Старик Покровский целую ночь провел в коридоре, у самой двери в комнату сына; тут ему постлали какую-то рогожку. Он поминутно входил в комнату; на него страшно было смотреть. Он был так убит горем, что казался совершенно бесчувственным и бессмысленным. Голова его тряслась от страха. Он сам весь дрожал и все что-то шептал про себя, о чем-то рассуждал сам с собою. Мне казалось, что он с ума сойдет с горя.
Перед рассветом старик, усталый от душевной боли, заснул на своей рогожке как убитый. В восьмом часу сын стал умирать; я разбудила отца. Покровский был в полной памяти и простился со всеми нами. Чудно! Я не могла плакать; но душа моя разрывалась на части.

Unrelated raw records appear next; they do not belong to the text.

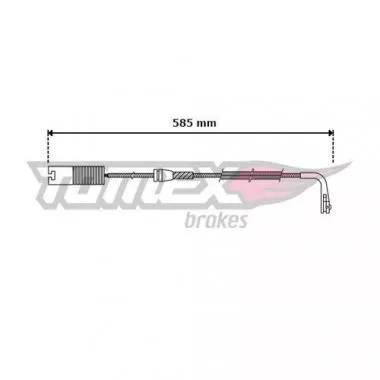 Wear indicator for BMW E39 30-35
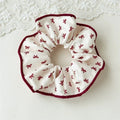 Red Polka Dot Hair Ties – Cute Elastic Bands for Women & Girls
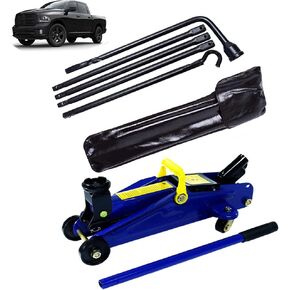 Spare Tire Removal Tool and Floor Jack - 2 Ton Set for Dodge Ram 1500 Truck (2002 to 2015) Wheel Lug Wrench Replacement Kit OEM Part Number RTW7K442 5093163AA in Saudi Arabia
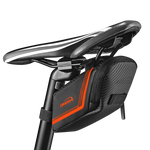 Orange Saddle Bag Attached Under Seat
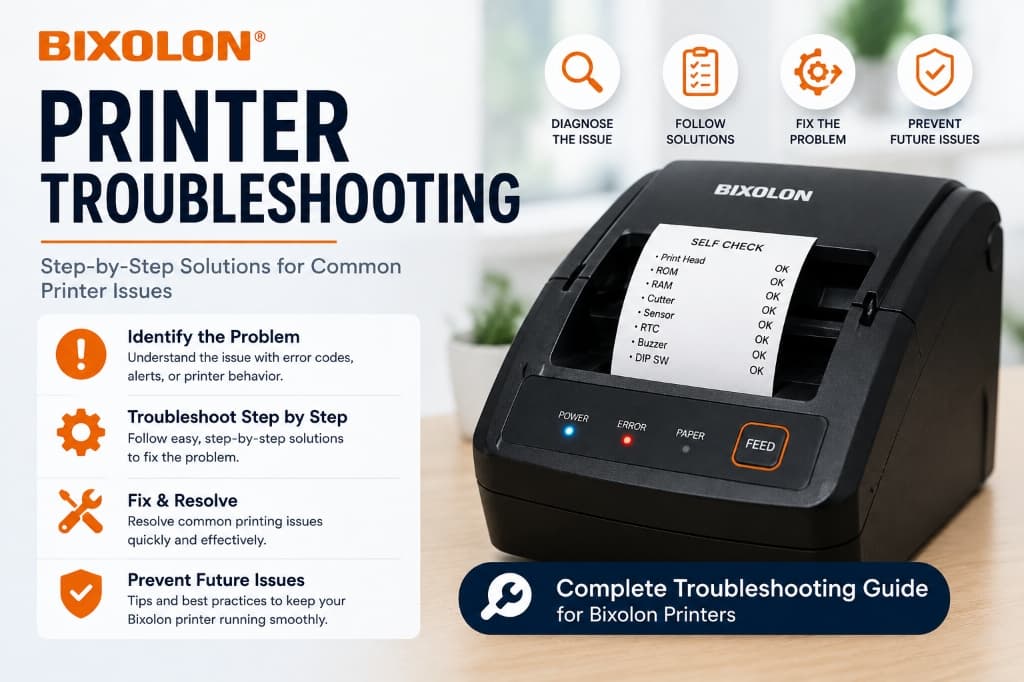 Bixolon Printer Troubleshooting: Step-by-Step Fixes for Every Common Issue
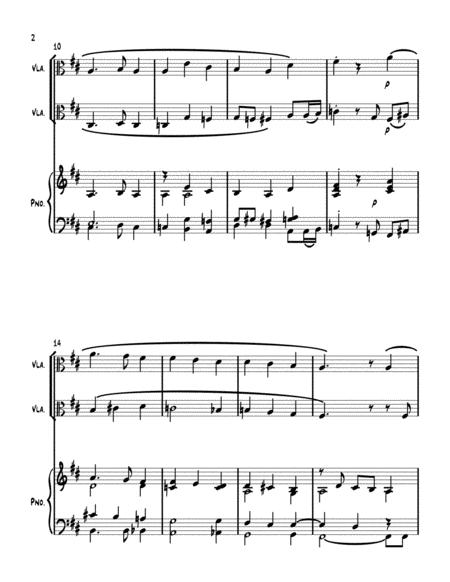 Away In A Manger Viola Duet With Optional Piano Accompaniment Page 2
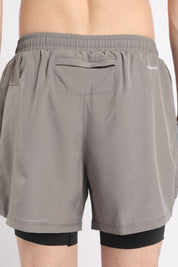ARCLITE 2-in-1 Performance Shorts | Fog grey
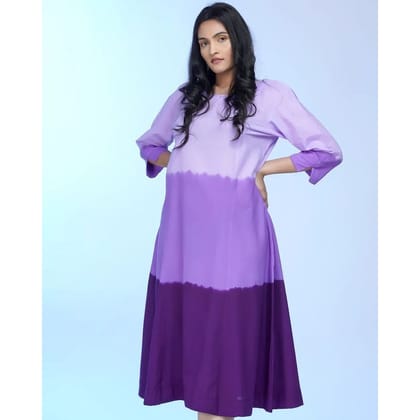 Lavender Dreams: Ombre Dyed Purple Summer Dress Lavender Dreams: Ombre Dyed Purple Summer Dress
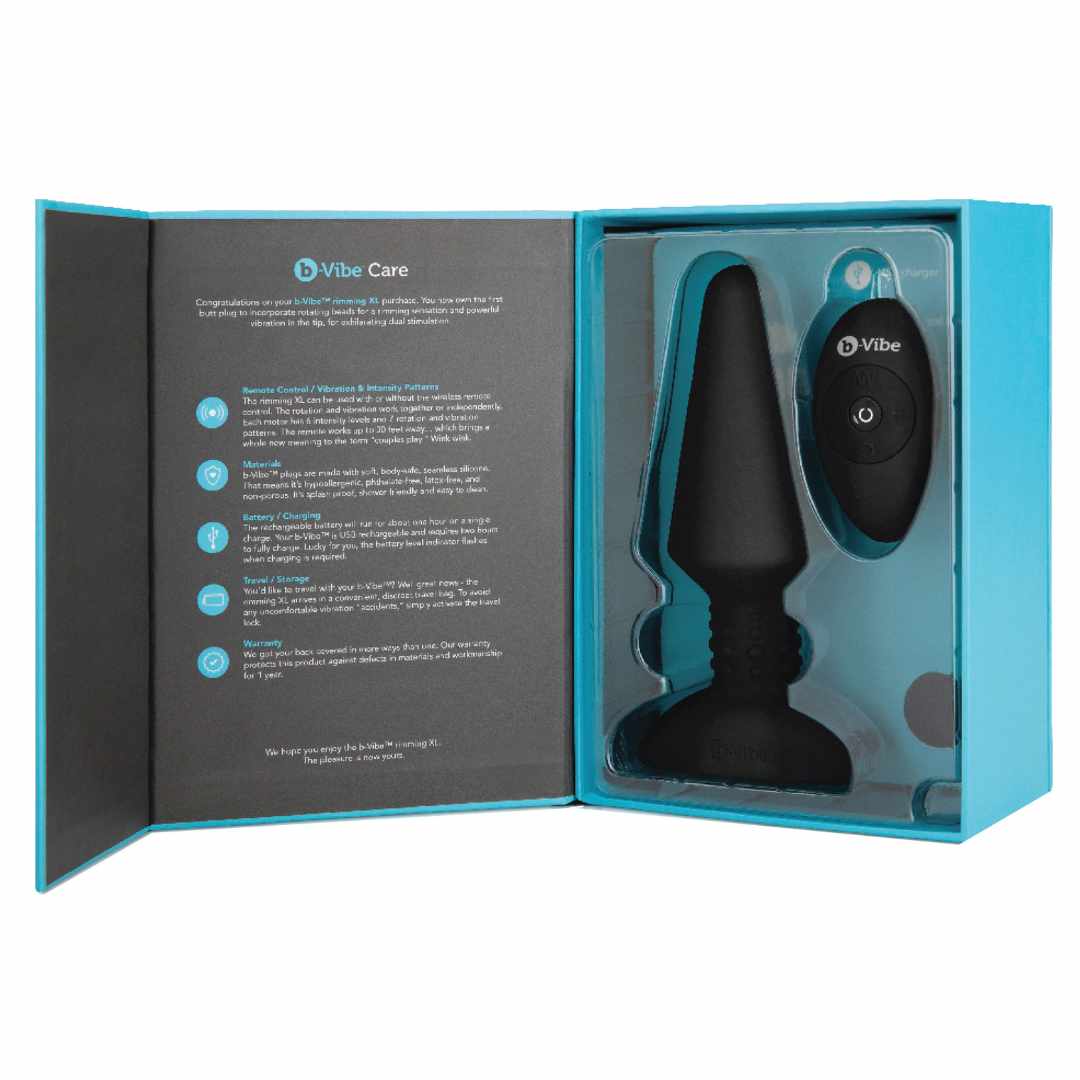 b-Vibe Rimming XL Black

Но всего более истерзали и измучили меня его последние мгновения. Он чего-то все просил долго-долго коснеющим языком своим, а я ничего не могла разобрать из слов его. Сердце мое надрывалось от боли! Целый час он был беспокоен, об чем-то все тосковал, силился сделать какой-то знак охолоделыми руками своими и потом опять начинал просить жалобно, хриплым, глухим голосом; но слова его были одни бессвязные звуки, и я опять ничего понять не могла. Я подводила ему всех наших, давала ему пить; но он все грустно качал головою. Наконец я поняла, чего он хотел. Он просил поднять занавес у окна и открыть ставни. Ему, верно, хотелось взглянуть в последний раз на день, на свет Божий, на солнце. Я отдернула занавес; но начинающийся день был печальный и грустный, как угасающая бедная жизнь умирающего. Солнца не было. Облака застилали небо туманною пеленою; оно было такое дождливое, хмурое, грустное. Мелкий дождь дробил в стекла и омывал их струями холодной грязной воды; было тускло и темно. В комнату чуть-чуть проходили лучи бледного дня и едва оспаривали дрожащий свет лампадки, затепленной перед образом. Умирающий взглянул на меня грустно-грустно и покачал головою. Через минуту он умер.